With the death of Sylvia McLaughlin on January 19 at age 99, the Bay Area environmental movement has lost one of its preeminent founding figures. At the Oral History Center, we knew Sylvia as a generous narrator in two oral histories and a donor to the Bancroft Library of her extensive personal papers; taken together, these documents tell the story of a half-century of pioneering activism to protect the San Francisco Bay. We also remember her with gratitude as a supporter and advisor for myriad oral history projects on environmental and water resources history as well as the history of the western mining industry.
In 1961, Sylvia, wife of UC Regent and mining executive Donald McLaughlin, joined with two other prominent UC-connected women, Catherine Kerr, the wife of UC President Clark Kerr, and Esther Gulick, wife of a Berkeley economics professor, to do something about the deplorable state of the San Francisco Bay: “We could see the dump trucks going down and filling the bay constantly. . . . It was a dump,” recalled Sylvia in her 2007 oral history.
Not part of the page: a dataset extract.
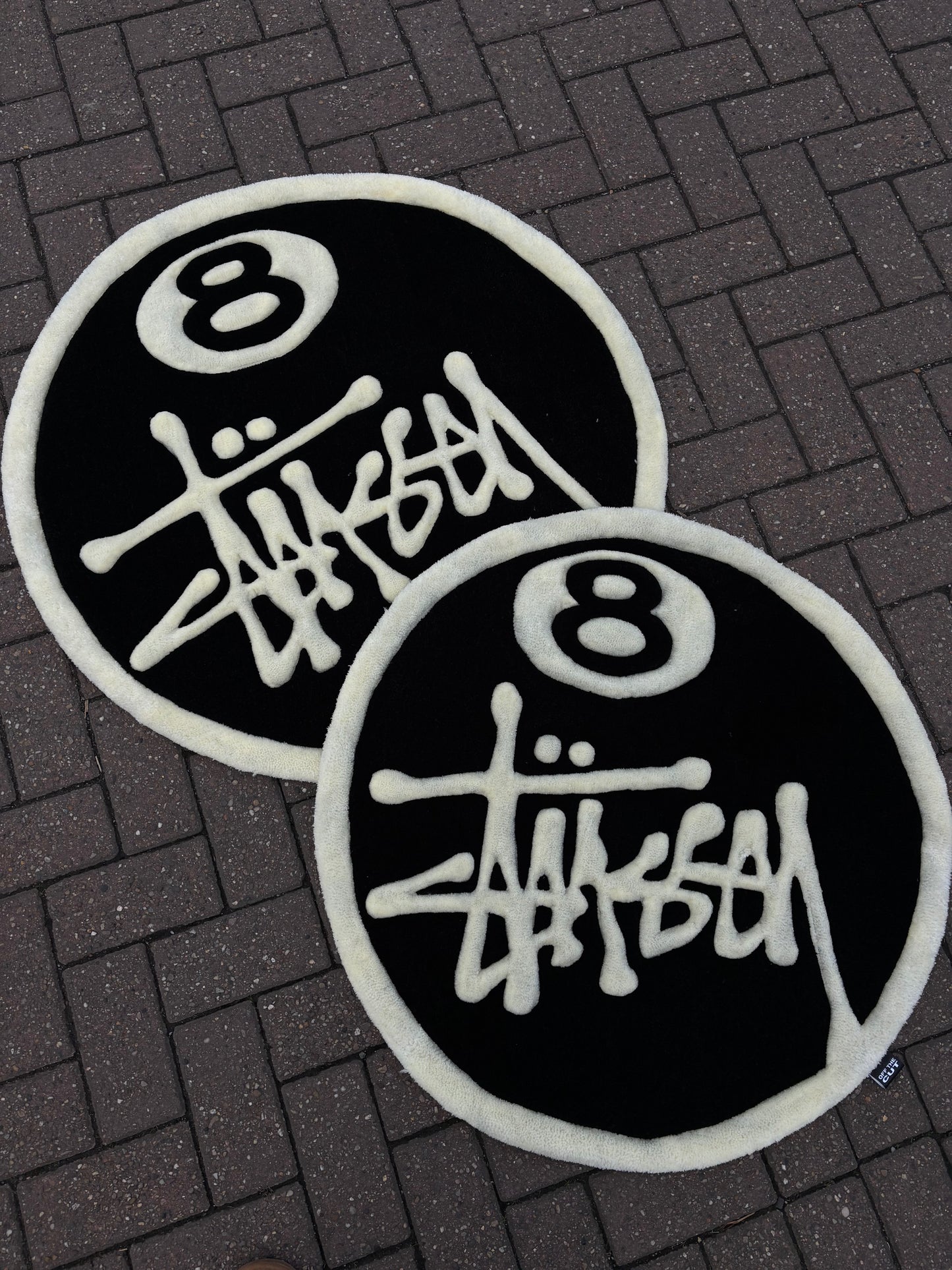 8-BALL RUG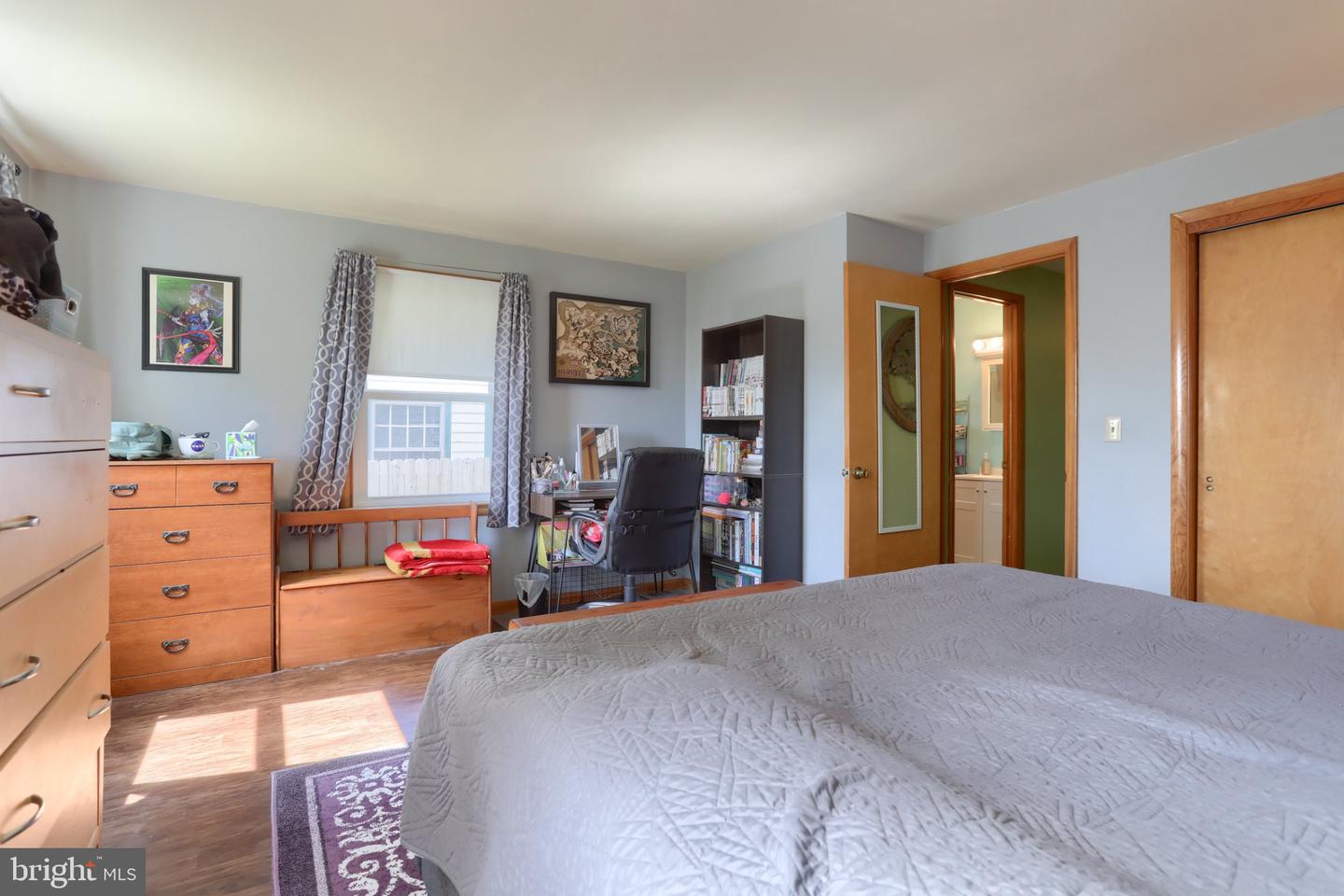 105 Locust St Property Photo 32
The three women formed Save San Francisco Bay Association and began a campaign not only to halt further degradation of the bay but also to return privately owned shoreline lands to public ownership and to restore them for public use as parklands and wetlands. They proved to be amazingly effective, drawing on university experts, energizing a broad swath of public opinion, organizing citizen caravans to lobby in Sacramento, and eventually getting a groundbreaking regulatory body, the Bay Conservation and Development Commission, signed into law by Governor Ronald Reagan. In his book on the development of the Bay Area’s environmental consciousness, Berkeley geography professor Richard Walker credits the three women: “Nothing was more essential to the foundation of the Bay Area’s green culture. It all goes through Save the Bay.” [Richard A. Walker, The Country in the City: the Greening of the San Francisco Bay Area, University of Washington Press, 2007].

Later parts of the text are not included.